La troisième partie, un long métrage intitulé, My Way Home (1978) nous montre l’arrivée à l’âge adulte de cet enfant, envoyé lui aussi à l’orphelinat avant de revenir vivre chez sa grand-mère. Maintenant adolescent, il travaille temporairement à la mine du village, puis chez un tailleur avant de rejoindre l’armée alors stationnée à Suez. Il y fait la rencontre d’un homme qui le révèle à lui-même et change le cours de sa vie.
Mais décrire l’action contenue dans ces films ne sert pratiquement à rien tant ils s’avèrent des objets singuliers. Il a été parfois souligné que les films de Bill Douglas possèdent une facture poétique unique dans le cinéma britannique, inspirés autant par les vertus du montage dialectique, que par les atmosphères oniriques que l’on retrouve dans les films de Buñuel ou de Bergman qu’il admirait particulièrement. Bill Douglas était aussi un grand collectionneur de machines de cinéma et de pré cinéma. Il connaissait la mécanique des images et les origines concrètes du langage cinématographique.

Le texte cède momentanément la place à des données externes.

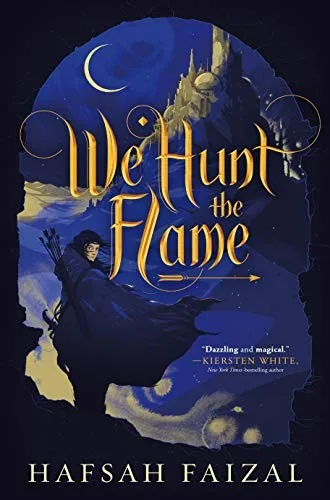 We Hunt the Flame (2019)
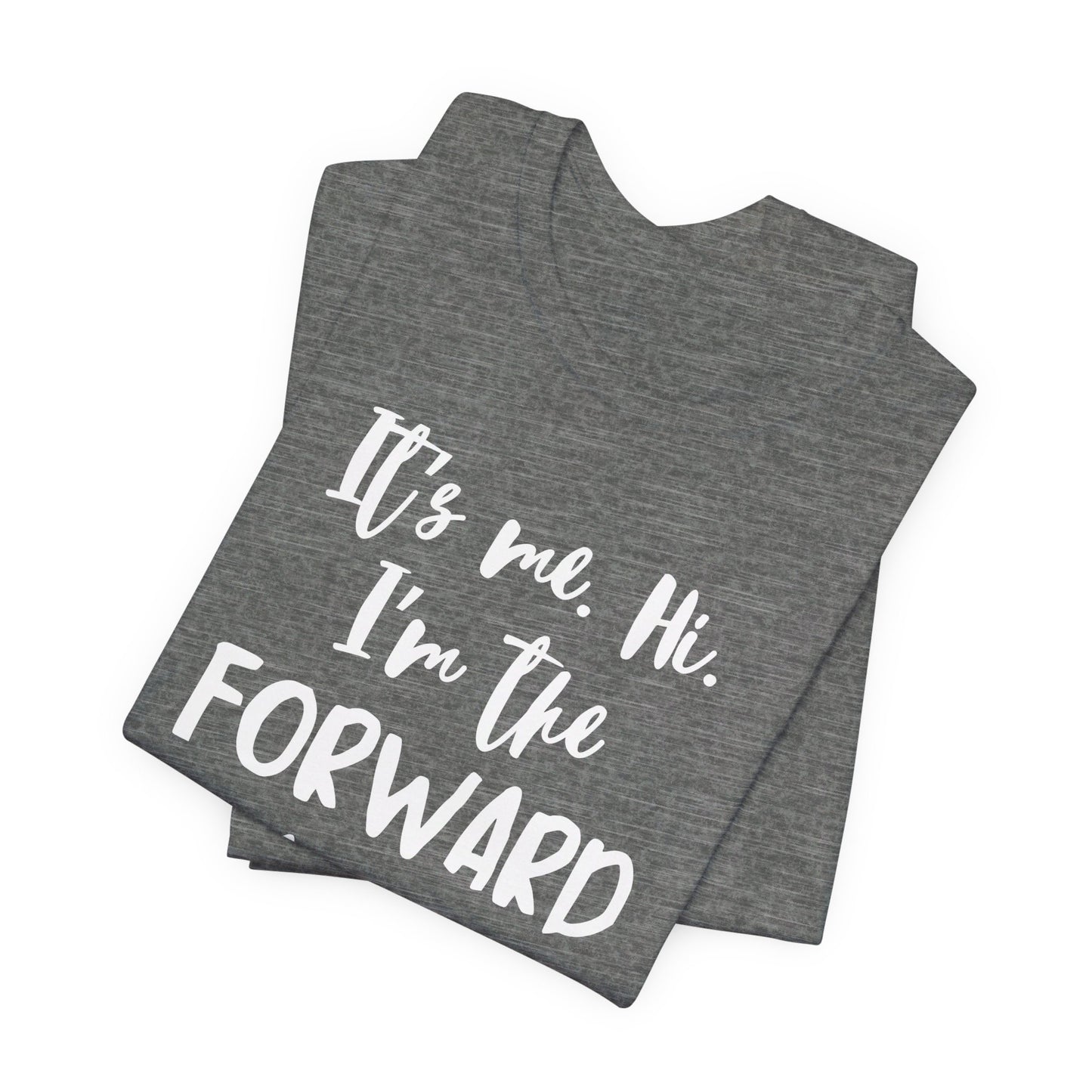 I'm the Forward - Unisex Jersey Short Sleeve Tee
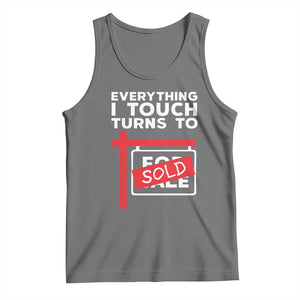 Funny Real Estate Tank Top Everything I Touch Turns To Sold TS11 Black Heather Print Your Wear
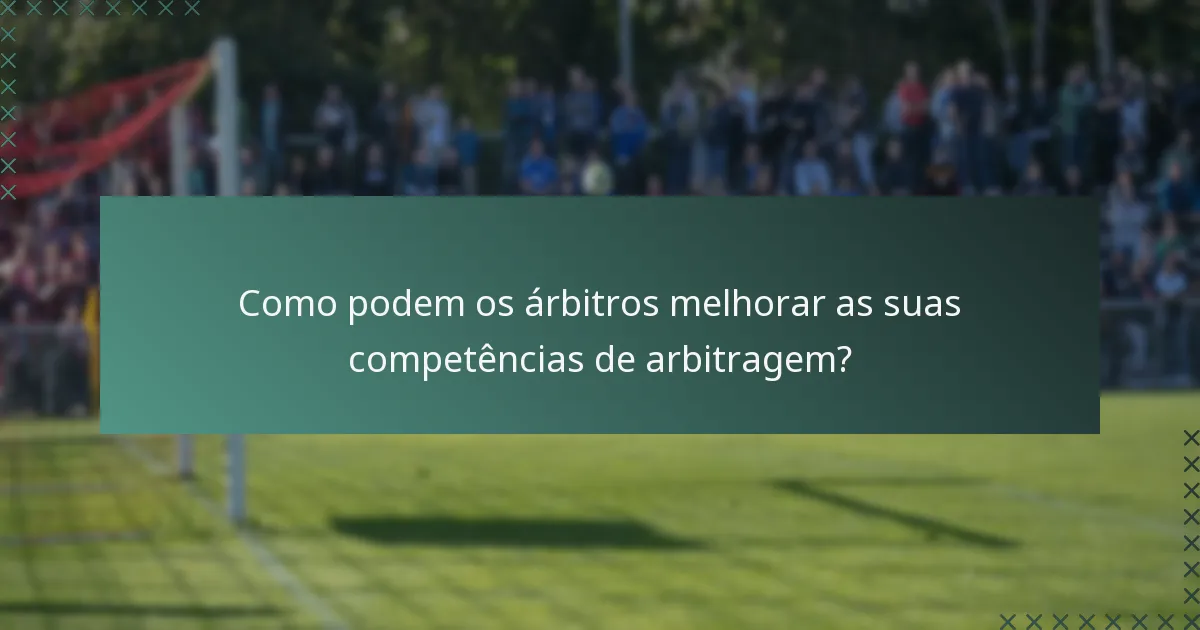 Como podem os árbitros melhorar as suas competências de arbitragem?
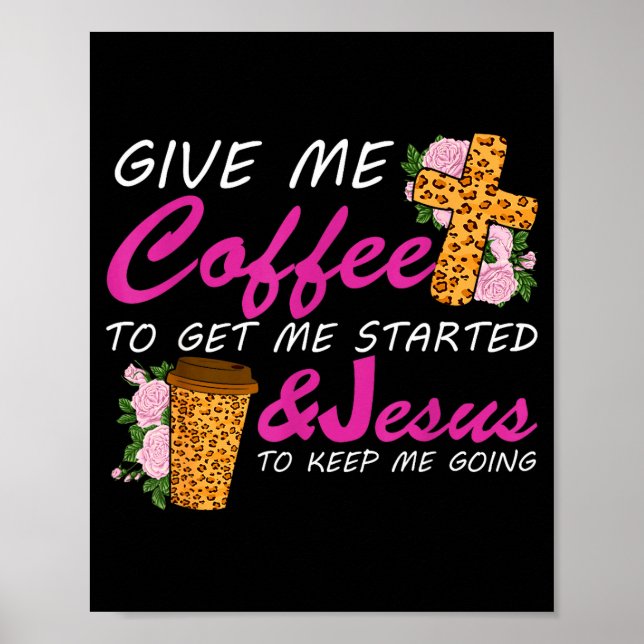Give Me Coffee To Get Me Started &amp; Jesus To Ke Poster (Framsidan)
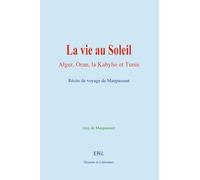 La vie au Soleil: Alger, Oran, la Kabylie et Tunis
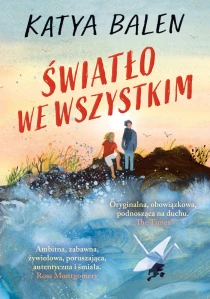Katya Balen Światło we wszystkim - ebook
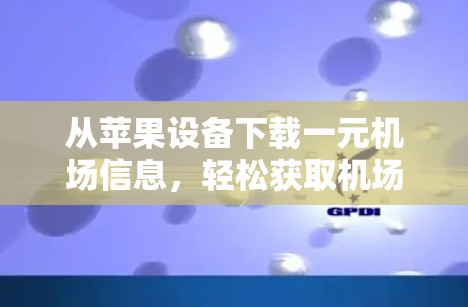 从苹果设备下载一元机场信息,轻松获取机场服务的正确方法 从苹果设备下载一元机场信息,轻松获取机场服务的正确方法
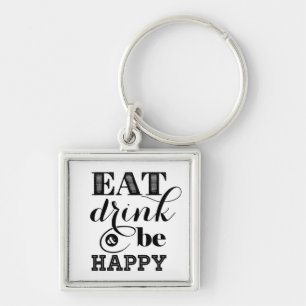 Eat, Drink And Be Happy Key Ring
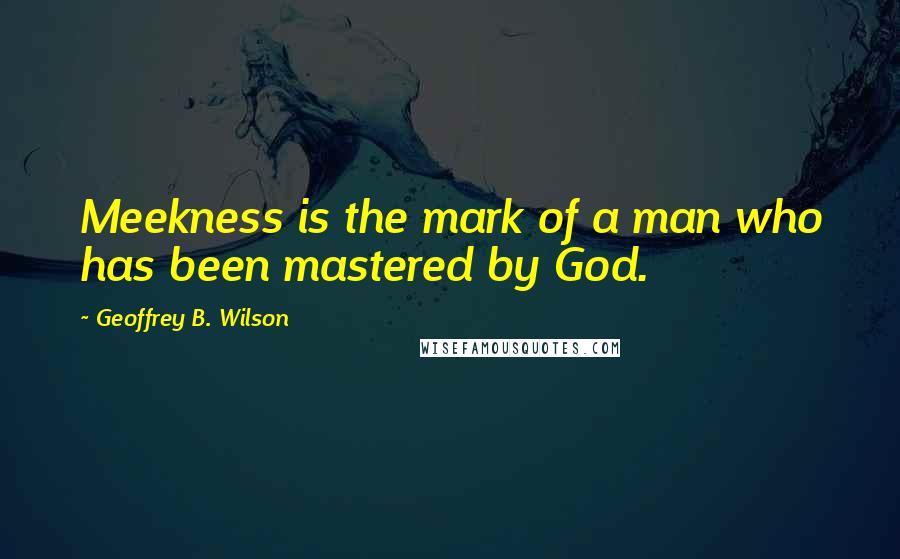 Geoffrey B. Wilson Quotes: Meekness is the mark of a man who has been mastered by God.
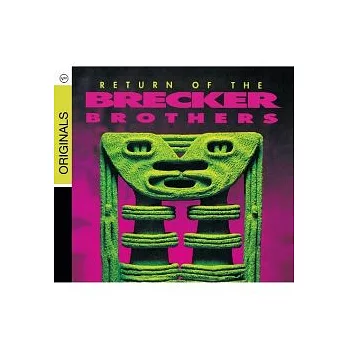 Brecker Brothers / Return Of The Brecker Brothers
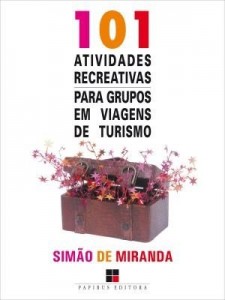 Baixar 101 Atividades Recreativas para Grupos em Viagens de Turismo pdf, epub, eBook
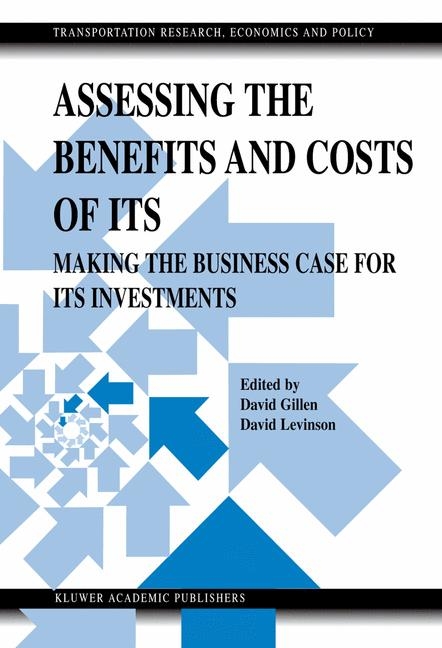 Assessing the Benefits and Costs of ITS - 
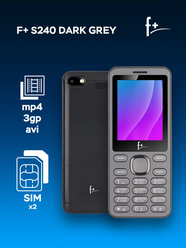Телефон сотовый F+ S240 Dark Grey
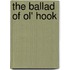 The Ballad Of Ol' Hook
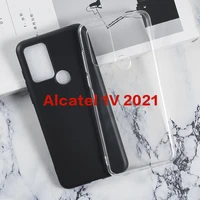 transparent phone case for alcatel 1v 2021 silicone caso protection phone shell bumper case for alcatel 1v 2021 6 52 back cover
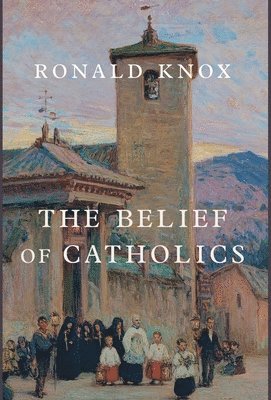 Ronald Knox - Belief of Catholics, Inbunden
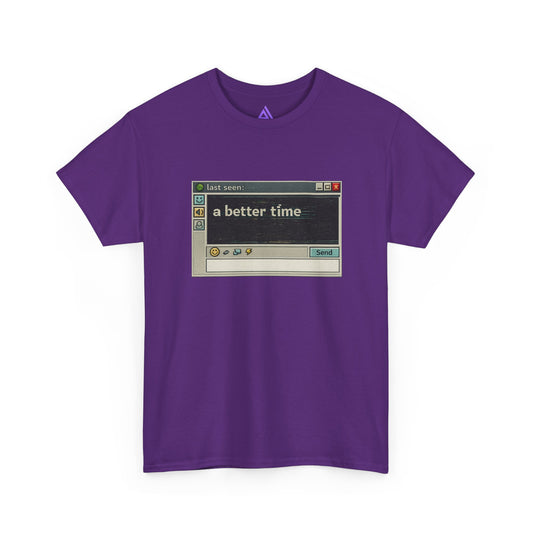 Chat messenger Window Tee — "a better time" Graphic T-Shirt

Le cinéma de Douglas est manifestement sous l’influence, d’ailleurs avouée, d’une épiphanie bressonienne (modèles amateurs choisis pour leurs «textures» expressives et physiologiques, histoires de résistance aux conflits, d’âpreté d’un monde rural miséreux, etc.). Mais Douglas est peut-être moins un moraliste qu’un militant social qui aborde le cinéma comme un vecteur d’évasion par l’image, donc de libération, comme un opium du peuple nécessaire.
«Peut-être la plus belle chose jamais portée sur un écran» écrivait en 2016 Olivier Père lors d’une présentation de cette trilogie sur ARTE. Il est vrai que l’on ne peut qu’être touché par une sorte de ravissement sourd à la vue de ces images. De sa façon aussi particulière d’aménager le point de vue pour y faire vivre les corps et les visages qu’il a choisis, loin de tout dictat d’un spectacle industriel, afin d’aborder sans artifice et sans pathos une situation vécue qu’il désire partager.
Il conviendra donc de vérifier l’emballement de Père pour ces destins d’orphelins, lors de leur projection en deux temps, samedi 17 et dimanche 18 février, à la Cinémathèque.